Quelle est votre œuvre favorite ?
L’une de mes œuvres préférées de Bacon faisant partie de ma collection est ‘Figure Crouching’, un tableau de 1949 qui a probablement été peint à Monaco.
C’est d’ailleurs à Monaco que le peintre commence à se concentrer sur la représentation de la forme humaine, une étape cruciale qui l’amènera à devenir l’un des artistes figuratifs les plus énigmatiques de l’après-guerre. Le tableau représente un personnage nu et accroupi, probablement un autoportrait du peintre, enfermé dans une cage tridimensionnelle.
Les principales sources d’inspiration de Bacon pour cette grande toile sont les chronophotographies de Eadweard Muybridge et Le Penseur d’Auguste Rodin.
Pourquoi avoir choisi de vous engager dans la philanthropie ?
J’ai grandi dans une famille qui a toujours porté en elle les valeurs philanthropiques et j’ai moi-même suivi cette voie dans les domaines de l’art et de l’éducation.
Pouvez-vous nous parler de votre mécénat en faveur de l’Ecole du Louvre ?
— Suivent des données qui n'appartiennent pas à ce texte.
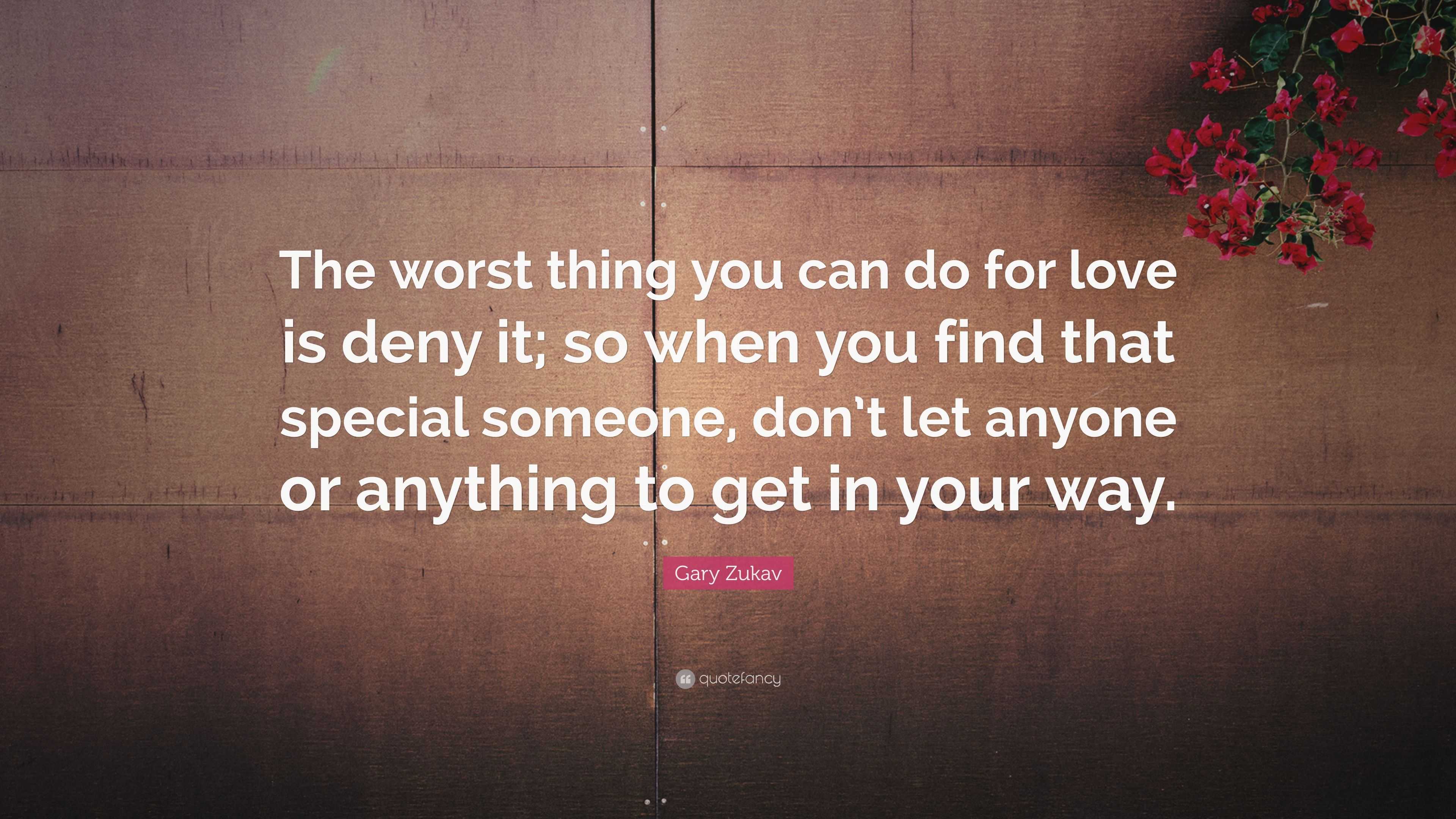 Gary Zukav Quote “the Worst Thing You Can Do For Love Is Deny It So When You Find That Special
J’avais noué en 2016 un premier partenariat avec l’École du Louvre en signant avec le précédent directeur, Philippe Durey, une convention dans laquelle la Francis Bacon MB Art Foundation attribue tous les quatre ans une bourse de recherche à un doctorant de l’école.
Puis, j’ai rencontré Claire Barbillon en 2017, lorsqu’elle venait de prendre ses fonctions de directrice de l’École, et j’ai tout de suite été fasciné par ses ambitions pour l’avenir de l’établissement. Lorsqu’en 2018 elle m’a fait part de son souhait de lancer un vaste programme de travaux pour l’école, j’ai rapidement été séduit par ce projet visionnaire et j’ai, peu de temps après, proposé de soutenir l’ensemble du projet.
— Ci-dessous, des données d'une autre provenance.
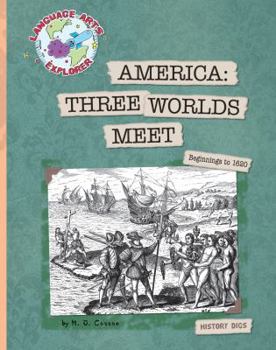 Paperback America: Three Worlds Meet: Beginnings to 1620 Book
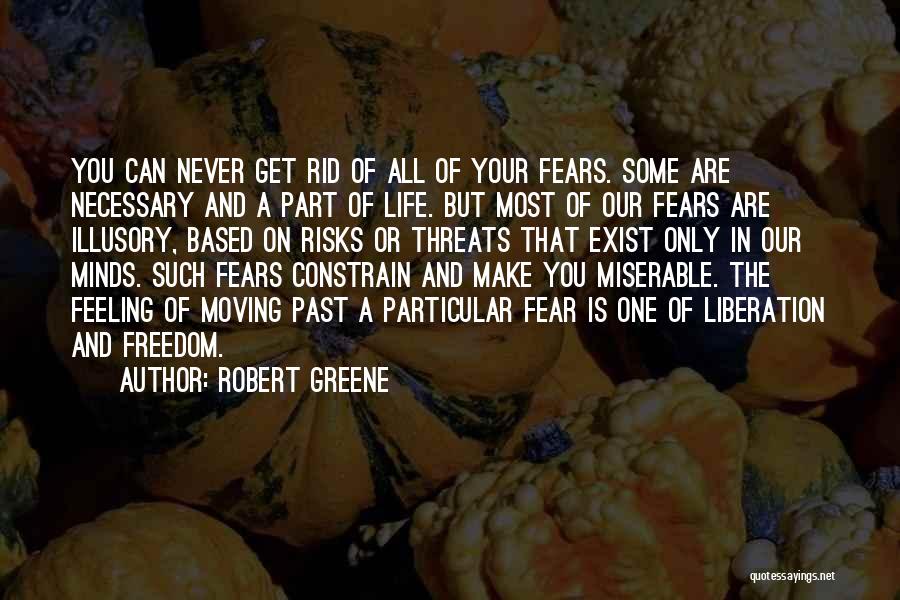 Robert Greene Quotes: You Can Never Get Rid Of All Of Your Fears. Some Are Necessary And A Part Of Life. But Most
Je suis devenu le mécène unique du projet « École du Louvre 2021-2022 », un projet architectural comprenant la rénovation et le réaménagement de la bibliothèque ainsi que la restructuration des services documentaires et informatiques et la création d’un centre de recherche. Il s’agit du plus important soutien jamais alloué à un établissement d’enseignement du ministère de la Culture.
J’ai également souhaité amplifier mon engament dans ce vaste programme de travaux en faisant un don à l’École du Louvre de plusieurs œuvres d’art. J’ai offert deux sculptures de l’artiste anglais Antony Gormley, Witness VII et Witness VIII, faisant ainsi rentrer pour la première fois des œuvres d’art dans cet environnement consacré à l’étude et à la recherche, ainsi qu’un chevalet ayant appartenu à Francis Bacon, provenant de son atelier parisien.
Je suis par ailleurs devenu mécène du Fonds de dotation de l’École du Louvre en 2020 en faisant un don au capital pour lui permettre de pérenniser ses actions.
Pourquoi avoir choisi spécifiquement cette institution ?
J’ai choisi de soutenir cette école car j’apprécie son approche pédagogique ainsi que la qualité et la variété des cours qu’elle propose. Elle est également unique car elle permet à des auditeurs externes de pouvoir accéder à des cours du soir, à Paris ou en région, à des prix raisonnables.
La reconfiguration de l’établissement représente une page majeure dans l’histoire de l’école et va certainement lui insuffler une nouvelle identité en offrant un outil fondamental pour ses étudiants et ses chercheurs, tout en répondant aux besoins liés à sa croissance, dans ce lieu au cœur du patrimoine français.
Mon souhait le plus cher est que cet ambitieux projet architectural offre à l’École du Louvre un atout stratégique essentiel pour son futur rayonnement national et international.
Quels sont vos prochains projets philanthropiques ?
J’ai récemment été approché par une prestigieuse université du Royaume-Uni qui m’a sollicité pour créer une nouvelle bourse d’études. Ce projet, qui s’inscrit dans les missions de ma Fondation, me tient particulièrement à cœur.
Je poursuis également mon engagement en faveur de l’École du Louvre avec une nouvelle donation d’œuvres qui viendra compléter la première faite dans le cadre du projet « École du Louvre 2021-2022 ».